GB: Ship-to-shore cranes are custom built products as crane design has to meet individual client technical requirements, specific standards and climatic conditions. Crane dimensions are always project specific. The most popular crane size in the present market is our Super Post Panamax Model which can handle up to 18 container wide vessels.
Liebherr cranes have a number of unique design features, including our specially designed main beam and boom structures and a built drive system specifically developed for the container handling industry. This system features all the advanced technology required for today’s market and its high performance and reliability is internationally renowned in the port sector.
AH: What regions in particular are currently driving the container crane market and where are Liebherr container cranes most prominently found?
GB: The Middle East, South America and Europe continue to be the areas of greatest demand for our products. Liebherr has container handling gantry cranes in operation in more than 90 Ports in over 40 countries.
Specific ports which currently use our cranes include the Port of Khor Fakkan in the UAE, Port of Jeddah in Saudi Arabia, Port of Buenos Aires in Argentina, Port of Montreal and Port of Halifax in Canada, Port of Koper in Slovenia and Port of New York in the US.
We also have four ports in the UK which use our cranes, including Liverpool, Felixtowe, Tilbury and Southampton.
Our container cranes are manufactured in Killarney, Ireland, which also produces other cranes models such as rail mounted ship to shore, rail mounted gantry stacking cranes, rubber tyre gantry cranes and straddle carriers.

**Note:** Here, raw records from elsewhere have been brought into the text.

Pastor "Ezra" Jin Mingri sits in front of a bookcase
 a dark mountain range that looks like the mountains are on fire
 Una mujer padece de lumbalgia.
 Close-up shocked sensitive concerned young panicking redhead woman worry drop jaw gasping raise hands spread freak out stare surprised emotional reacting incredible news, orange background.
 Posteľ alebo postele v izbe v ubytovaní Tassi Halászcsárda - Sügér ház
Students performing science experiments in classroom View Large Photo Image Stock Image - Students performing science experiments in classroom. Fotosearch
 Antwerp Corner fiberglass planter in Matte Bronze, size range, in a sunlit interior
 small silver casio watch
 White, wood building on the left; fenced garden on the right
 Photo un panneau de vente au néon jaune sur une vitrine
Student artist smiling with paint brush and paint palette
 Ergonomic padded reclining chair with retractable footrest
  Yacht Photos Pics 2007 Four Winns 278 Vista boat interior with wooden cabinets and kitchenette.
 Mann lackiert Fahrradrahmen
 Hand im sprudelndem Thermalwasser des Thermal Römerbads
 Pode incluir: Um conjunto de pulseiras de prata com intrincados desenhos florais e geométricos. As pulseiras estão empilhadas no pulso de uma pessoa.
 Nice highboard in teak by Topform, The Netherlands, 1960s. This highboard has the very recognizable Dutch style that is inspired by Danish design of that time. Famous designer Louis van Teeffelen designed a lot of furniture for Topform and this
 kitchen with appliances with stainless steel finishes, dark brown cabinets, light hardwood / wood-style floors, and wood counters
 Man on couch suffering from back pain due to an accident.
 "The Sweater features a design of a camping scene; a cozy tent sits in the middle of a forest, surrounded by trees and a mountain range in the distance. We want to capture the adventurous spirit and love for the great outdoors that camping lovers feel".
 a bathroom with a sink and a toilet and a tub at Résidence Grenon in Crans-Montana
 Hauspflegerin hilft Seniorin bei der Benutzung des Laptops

AH: How does Liebherr feel that’s its new generation of container cranes are starting to change the face of the shipping industry?
GB: One of the most important recent developments in crane design is the introduction of the Tandem Lift Megamax size Container Cranes, which allows for the simultaneous handling of two 40ft/45ft containers with a capacity of 80t under lifting equipment. Four of these cranes have been installed in the Port of Khor Fakkan in the UAE as part of a 16 strong Liebherr crane fleet there.
Unlike a number of its competitors, Liebherr manufactures its own electrical controls and driver systems – which it offers in both AC and DC power. This has allowed us to constantly incorporate new safety, functionality and operator comfort features into our machinery.
AH: And finally, where does Liebherr see the future for container cranes and will market demand continue to demand greater size and capacity?
GB: Port operations worldwide will only continue to grow and new markets are appearing all the time, which will ensure an ever increasing demand for containers and in turn cranes to handle them.
Liebherr is confident that the demand for high quality European built products will continue particularly in the port sector, where reliability of performance and longevity – the usual lifetime of a container crane is roughly 30 years – is the expected standard.